Is this English speaker referring to an “Unlikely Future situation” or a “Likely Past situation”?

ORIGINAL SENTENCE: “If that gargantuan predator made it into the city before us, it is sure to have wrecked everything in sight.”
By the verb tense “****made ****it” in the if-clause, I wonder if the speaker is referring to an Unlikely Future situation or a Likely Past situation?

Or can it go either way, depending on what tense follows in the second half of the sentence?

  1. If the speaker has an Unlikely Future situation in mind, I think she is going to use the tense “would” and say…

Unlikely Future situation: “If that gargantuan predator {made it / were to make it / should make it (BrE)} into the city before us, it {would wreck} everything in sight.”
2) Considering the original sentence does not use the tense “would”, I wonder if the speaker is referring to a Likely Past situation instead?

If so, is the tense “made it” close to “has made it” or “has already made it” in the speaker’s mind?

Likely Past situation: “If that gargantuan predator {made it / has made it / has already made it} into the city before us, it {is sure to have wrecked / must have wrecked} everything in sight.”

By the way you’ve set things up, it’s a Likely Past Situation.

If this event has already happened, then these results will have also happened.

Past situation, although the sentence structure don’t seem correct to me. Rather I would say:

“If that gargantuan predator had made it into the city before us, it is sure to have wrecked everything in sight.”

In your unlikely future situation, I would say:

“If that gargantuan predator makes it into the city before us, it is sure to wreck everything in sight.”

Past situation.

Replace “made it” with “got” and it is much more clear.

I’m thinking along the same lines as SanVito. Adding the “had” before “made it” clears it up for me as a past situation.

I don’t know about adding “had”. To me that makes it sound like a hypothetical.

It definitely hasn’t made it, but if it had

I think the answer is ambiguous because the tenses do not match.

I disagree. By adding “had”, you have changed the precedent to a counterfactual, and the consequent would then be “…it would have wrecked everything in sight.”

Yes. The sentence expresses the idea that “If X has happened, Y will have happened”.

I don’t think so. There’s no requirement for tenses to “match” in order to be unambiguous, if by “match” you mean “be the same.” We’d never be able to express ourselves completely if we only combined clauses with the same tense. However, if you mean that the mood doesn’t match–if it were different from one clause to the other–then it would indeed be unclear, and prescriptively ungrammatical.
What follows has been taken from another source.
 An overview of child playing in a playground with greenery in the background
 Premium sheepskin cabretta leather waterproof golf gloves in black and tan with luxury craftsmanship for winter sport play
And hiberncus is correct: Using the past perfect aspect (had made), would make the conditional clause counterfactual, and change the meaning completely.

I don’t understand how this could be interpreted as talking about something happening in the future. It seems unambiguously talking about an event set in the past - the ambiguity is around whether it actually happened or not.

Past pluperfect tense.

Tell me I’m wrong. Go on. Dare ya. :smiley:

If a present conditional is counterfactual (contrary-to-fact, unlikely, hypothetical, etc.–there are various ways of referring to it) then you might say it has a future perspective, because one is saying that it’s something that hasn’t happened, (and probably won’t happen), but the fact that you are speculating about it at all implies by default some kind of vision of a future potential–of what could happen should circumstances change:

If you gave me a thousand bucks right now, I’d go to Vegas this very evening.

But that’s not the case here, as you note–it’s clearly about the past. The OP is confusing the present counterfactual with the past factual. Because made is the past of make (similarly to how gave is the past of give, in the example above), he or she is wondering if it could be a present hypothetical conditional (like the example above).

The very fact that the “made it” part per se could be taken as meaning either Unlikely Future or Likely Past threw me off.

When the speaker has Likely Past in mind, am I correct in assuming that the tense in the main clause can be “will have wrecked”?
Likely Past (Version A): “If that gargantuan predator made it into the city before us, it will have wrecked everything in sight.”

Likely Past (Version B): “If that gargantuan predator has made it into the city before us, it will have wrecked everything in sight.”